Huw Price in Medium of Expression:
Lee Smolin likes big targets. His last book, The Trouble With Physics, took on the string theorists who dominate so much of contemporary theoretical physics. It was my engrossing in-flight reading on a trip to the Perimeter Institute a few years ago, where I first met its rather engaging author in person. I thoroughly enjoyed that battle, from my distant philosophical vantage point – “Pleasant is it to behold great encounters of warfare arrayed over the plains, with no part of yours in the peril,” as Lucretius put it (1). But now things are more serious: in Time Reborn Smolin has my team in his sights, and some part of mine is certainly in the peril, if he emerges victorious. Should I now be feeling sorry for the string theorists?

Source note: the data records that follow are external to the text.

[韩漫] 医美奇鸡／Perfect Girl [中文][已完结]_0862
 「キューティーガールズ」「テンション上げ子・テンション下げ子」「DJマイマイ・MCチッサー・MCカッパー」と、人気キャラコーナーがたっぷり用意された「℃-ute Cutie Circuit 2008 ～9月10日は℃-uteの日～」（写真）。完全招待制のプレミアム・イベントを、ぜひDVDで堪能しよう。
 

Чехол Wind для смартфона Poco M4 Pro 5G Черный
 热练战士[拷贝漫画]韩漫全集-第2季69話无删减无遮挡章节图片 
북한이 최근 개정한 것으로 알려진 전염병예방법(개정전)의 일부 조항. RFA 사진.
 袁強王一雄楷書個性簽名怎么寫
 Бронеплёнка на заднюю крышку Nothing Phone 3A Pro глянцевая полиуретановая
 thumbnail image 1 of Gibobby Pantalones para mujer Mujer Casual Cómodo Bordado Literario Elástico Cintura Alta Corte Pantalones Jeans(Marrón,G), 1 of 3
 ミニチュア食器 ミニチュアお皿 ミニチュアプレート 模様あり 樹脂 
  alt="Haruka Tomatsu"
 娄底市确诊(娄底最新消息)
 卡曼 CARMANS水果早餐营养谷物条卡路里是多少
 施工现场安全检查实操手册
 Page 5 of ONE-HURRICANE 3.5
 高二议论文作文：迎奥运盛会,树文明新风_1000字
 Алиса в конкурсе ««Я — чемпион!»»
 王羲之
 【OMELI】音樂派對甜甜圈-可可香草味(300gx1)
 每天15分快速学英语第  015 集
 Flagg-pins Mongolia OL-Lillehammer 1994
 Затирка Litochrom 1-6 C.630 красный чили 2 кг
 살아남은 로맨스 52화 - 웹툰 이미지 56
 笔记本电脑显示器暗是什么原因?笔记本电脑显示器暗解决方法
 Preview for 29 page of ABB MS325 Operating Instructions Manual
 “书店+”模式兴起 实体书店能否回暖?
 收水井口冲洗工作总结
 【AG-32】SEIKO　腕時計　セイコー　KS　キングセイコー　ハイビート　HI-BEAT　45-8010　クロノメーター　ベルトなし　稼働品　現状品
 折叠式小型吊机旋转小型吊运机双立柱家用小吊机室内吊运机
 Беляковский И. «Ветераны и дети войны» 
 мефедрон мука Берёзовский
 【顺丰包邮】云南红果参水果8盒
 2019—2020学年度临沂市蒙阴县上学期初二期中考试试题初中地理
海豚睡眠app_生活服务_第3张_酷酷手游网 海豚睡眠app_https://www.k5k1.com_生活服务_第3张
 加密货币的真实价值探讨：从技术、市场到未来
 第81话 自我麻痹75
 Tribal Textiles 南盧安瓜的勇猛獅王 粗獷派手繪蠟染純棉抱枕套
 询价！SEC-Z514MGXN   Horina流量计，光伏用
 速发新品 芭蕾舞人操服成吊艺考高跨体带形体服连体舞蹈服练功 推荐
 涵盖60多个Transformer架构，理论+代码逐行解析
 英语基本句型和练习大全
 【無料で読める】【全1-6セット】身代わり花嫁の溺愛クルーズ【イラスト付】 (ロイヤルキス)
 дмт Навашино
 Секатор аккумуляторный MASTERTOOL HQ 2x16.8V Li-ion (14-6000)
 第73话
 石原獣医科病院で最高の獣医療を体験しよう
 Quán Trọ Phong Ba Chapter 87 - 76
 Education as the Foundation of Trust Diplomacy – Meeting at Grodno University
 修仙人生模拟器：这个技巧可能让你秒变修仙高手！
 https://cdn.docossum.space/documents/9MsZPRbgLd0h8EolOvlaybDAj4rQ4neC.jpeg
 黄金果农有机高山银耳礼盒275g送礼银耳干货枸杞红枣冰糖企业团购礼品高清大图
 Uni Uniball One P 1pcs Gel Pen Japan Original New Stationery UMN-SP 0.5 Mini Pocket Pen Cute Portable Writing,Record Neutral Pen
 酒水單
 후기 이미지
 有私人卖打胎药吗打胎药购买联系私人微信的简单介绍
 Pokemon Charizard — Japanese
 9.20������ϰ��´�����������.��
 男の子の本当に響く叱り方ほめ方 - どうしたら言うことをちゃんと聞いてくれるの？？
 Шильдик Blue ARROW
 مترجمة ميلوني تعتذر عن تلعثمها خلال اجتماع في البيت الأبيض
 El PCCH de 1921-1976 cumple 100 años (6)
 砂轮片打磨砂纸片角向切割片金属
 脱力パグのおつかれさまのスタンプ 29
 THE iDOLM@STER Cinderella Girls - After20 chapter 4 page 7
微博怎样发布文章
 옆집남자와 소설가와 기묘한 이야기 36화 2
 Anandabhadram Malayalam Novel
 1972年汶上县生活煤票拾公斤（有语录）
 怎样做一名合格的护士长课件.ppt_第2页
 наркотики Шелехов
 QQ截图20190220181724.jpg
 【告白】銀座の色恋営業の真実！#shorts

I’ll come back to that question, but first to the dispute itself, which is one of philosophy’s oldest feuds. One team thinks of time as we seem to experience it, a locus of flow and change, centered on the present moment – “All is flux”, as Heraclitus put it, around 500BC. The other team, my clan, are loyal instead to Heraclitus’s near contemporary, Parmenides of Elea. We think of time as it is described in history: simply a series or “block” of events, lined up in a particular order, with no distinguished present moment. For us, “now” is like “here” – it marks where we ourselves happen to stand, but has no significance at all, from the universe’s point of view.
Which side is right? Both teams have supporters in contemporary philosophy, but we Parmenideans claim powerful allies in modern physics, commonly held by physicists themselves to favour the block picture. Einstein is often quoted as one of our champions.